Prompt
Look through the records below, and copy out every line that holds the string "Summer".
+++ Provided entries
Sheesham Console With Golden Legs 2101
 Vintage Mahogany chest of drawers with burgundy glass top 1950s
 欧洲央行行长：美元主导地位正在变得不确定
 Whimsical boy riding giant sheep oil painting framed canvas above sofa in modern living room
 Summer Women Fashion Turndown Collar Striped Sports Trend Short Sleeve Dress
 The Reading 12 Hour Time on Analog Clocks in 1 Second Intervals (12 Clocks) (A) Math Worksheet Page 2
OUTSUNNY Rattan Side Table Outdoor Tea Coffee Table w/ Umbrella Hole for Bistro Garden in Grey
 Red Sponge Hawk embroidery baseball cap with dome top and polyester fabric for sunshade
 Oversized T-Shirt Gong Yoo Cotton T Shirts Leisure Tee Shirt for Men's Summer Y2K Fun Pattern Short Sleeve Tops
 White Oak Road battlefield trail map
++++++
Response to this exercise
 Summer Women Fashion Turndown Collar Striped Sports Trend Short Sleeve Dress
 Oversized T-Shirt Gong Yoo Cotton T Shirts Leisure Tee Shirt for Men's Summer Y2K Fun Pattern Short Sleeve Tops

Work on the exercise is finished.